Rue: Anthelmintic And Spasmolytic

2011

Another traditional use for rue is as an anthelmintic. Dioscorides wants it boiled in olive oil and drunk to remove intestinal worms. This indication passes down through the Arabic and Renaissance sources, then is rarely mentioned, although Cullen recommends a strong decoction as an enema for ascarides in the rectum. Williamson states that the herb is reportedly anthelmintic and recent ethnobotanic research shows that rue is a popular traditional medicine in rural parts of Italy for worms and externally against head lice and parasites. Despite being a non-indigenous herb, it is also in much demand by the people of the Bredasdorp/Elim area of South Africa not only for worms but also for bladder and kidney problems, convulsions, diabetes, fever, headache, stomach complaints and sinus problems, in doses of 1 teaspoon of the herb to a cup of boiling water.
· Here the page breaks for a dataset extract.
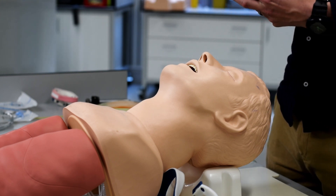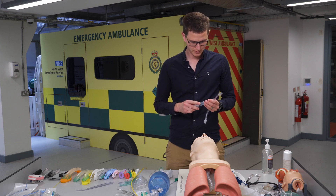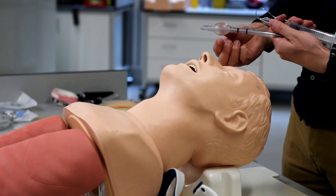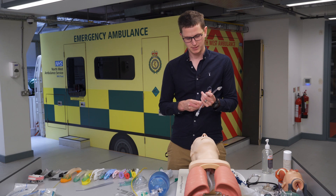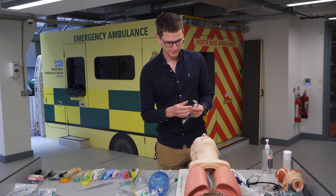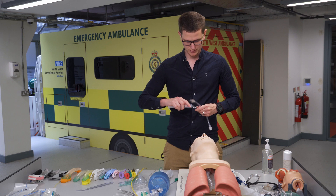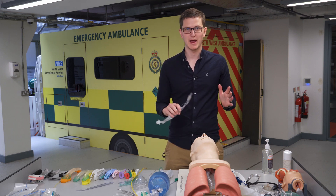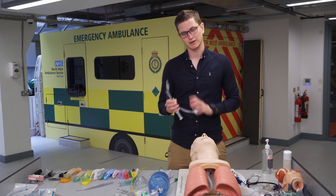Let's go through the equipment needed for intubation. You need a cuffed endotracheal tube and a small syringe attached to that cuff — without the syringe you can't inflate it. The number one rule of intubation is being prepared. Place the tube and syringe on your right-hand side because that is your working hand.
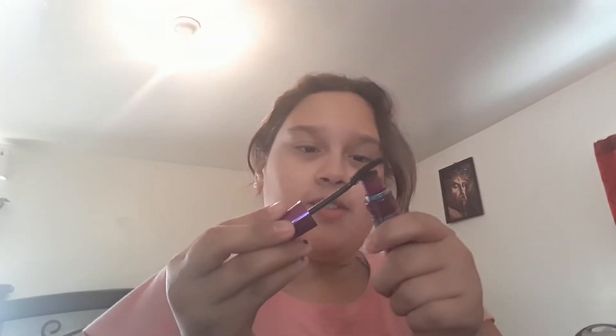Welcome back to my channel! Today I'm going to be showing you guys how I do my makeup. It's not going to be that much — just going to be a natural look. I'm kind of in a rush, so this video isn't going to take too long. I'm just going to show you my natural mascara and lip gloss. Don't mind my messy hair, we're not worrying about that right now.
An anthelmintic action is derived from the volatile oils and bitterness of rue and leads us to consider the plant’s actions in the digestive tract. Dioscorides notes that eaten or drunk it stops diarrhoea and, taken with dried dill Anethum graveolens, abdominal colic. Pliny says that the pounded leaves in wine with cheese are given to patients with dysentery. Rue soon relieves indigestion, flatulence and chronic stomach pains, and should be decocted with hyssop Hyssopus officinalis and taken in wine for colic and internal haemorrhage, and can be used externally on the abdomen and over the heart, as discussed above. Decocted with figs in wine, and the liquid reduced by half then drunk, it treats dropsy. Pliny wants rue for liver problems generally and the Arabic writers mention the spleen. Indications for diarrhoea, flatulence and colic have passed down the tradition to the present day. Hoffmann emphasizes the spasmolytic action of rue, easing griping and bowel tension by relaxing smooth muscle. When Fernie (1897) suggests that rue remedies the nervous indigestion and flatulence from which the Greeks suffered when eating before strangers and later mentions that it sometimes causes vomiting or purging, we wonder if he is a victim of the confusion between wild rue and harmal. Grieve too, following the National Botanic Pharmacopoeia, warns of taking rue after food ‘on account of its emetic tendencies’, whereas Bauhin proposes half a drachm (2 g) of the powdered herb in warm wine to comfort the stomachs of children weakened by frequent vomiting.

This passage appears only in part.